5.3. Y me parece que es de una doble forma que ahora los hombres son entregados, fuera de la Iglesia, al poder de Zabulo. De la manera que dijimos más arriba, cuando la falta de un hombre se hace manifiesta en la Iglesia y es expulsado de la Iglesia por los sacerdotes, para que, señalado por los hombres tenga vergüenza, y, convertido, le suceda lo siguiente: “Que (su) espíritu sea salvado en el día de nuestro Señor Jesucristo” (1 Co 5,5). Pero también de otra forma, que sea entregado a Zabulo, cuando su pecado no es manifiesto ante los hombres, mas Dios, que ve en lo secreto (cf. Mt 6,6), discierne perfectamente que su inteligencia y sus disposiciones[2] están al servicio de los vicios y las pasiones, y que en su corazón (Dios) no es honrado, sino la avaricia, la sensualidad, la jactancia u otras realidades de este orden, entonces el Señor mismo libra a Satanás a este individuo. ¿Cómo lo entrega a Satanás? Él se retira de su inteligencia, se aparta y se retira de sus malos pensamientos y de sus deseos indignos, y deja vacía la mansión de su corazón. Entonces se cumplirá en este hombre lo que está escrito: “Cuando el espíritu impuro sale de un hombre, recorre los lugares desiertos; y si no encuentra reposo, vuelve a su casa, y hallándola vacía y limpia, toma consigo a siete espíritus más malvados que él, entra y habita en esa casa. Entonces el último estado de ese hombre es peor que el primero” (Mt 12,43-45).

Conclusión

5.4. Esta es, por tanto, la forma en que se debe comprender que Dios “entrega” a quienes entrega: no que Él mismo entrega a alguien, sino que abandona a los indignos, es decir, los que no lo veneran y no se purifican de sus vicios para que Dios habite gustosamente en ellos. Se aparta y se aleja del alma que está instalada en la impureza y en los vicios, a la cual se le llama entregada, pues se encuentra vacía de Dios e invadida por el espíritu malvado. Así también, nosotros, con el mayor cuidado velemos y apresurémonos a purificarnos de los vicios y los deseos malvados, para poder tener a Dios en nuestro interior; y para que se digne habitar en nosotros, de modo que encuentre delectación en nuestras acciones, nuestras palabras y nuestros pensamientos, si obramos según su voluntad en todo lo que hacemos. De modo que, “sea que comamos, sea que bebamos, sea que hagamos cualquier otra cosa, todo lo hagamos en el nombre de nuestro Señor” (1 Co 10,31) Jesucristo, a quien pertenecen la gloria y el poder por los siglos de los siglos. Amén (cf. 1 P 4,11).

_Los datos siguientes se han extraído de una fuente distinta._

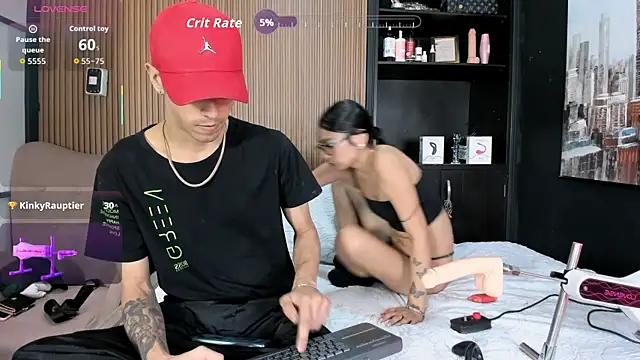 Snapshot of DerryAndIzzy chatting on 24, 11, 2025 DerryAndIzzy online show from 24, 11, 2025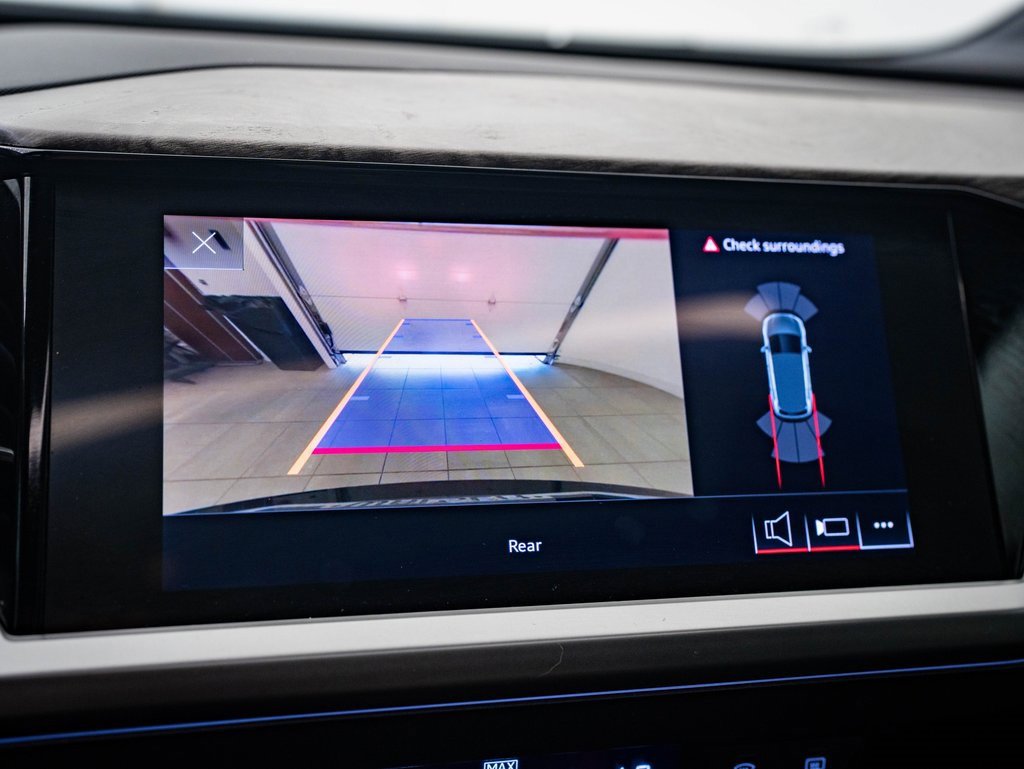 Used 2022 Audi Q4 e-tron Premium w/ Convenience Package image 31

[1] Cf. Contra Celso, IV,72: “Nosotros hablamos realmente de la ira de Dios, pero no entendemos sea una pasión suya, sino algo de que se vale para castigar de manera dura a los que han cometido pecados particularmente graves. La llamada ira de Dios y el que se dice furor suyo se ordenan a nuestra corrección...”. Cf. SCh 389, pp. 86-87, nota 1.

[2] Lit.: su mente y sus deseos (mentem et animos).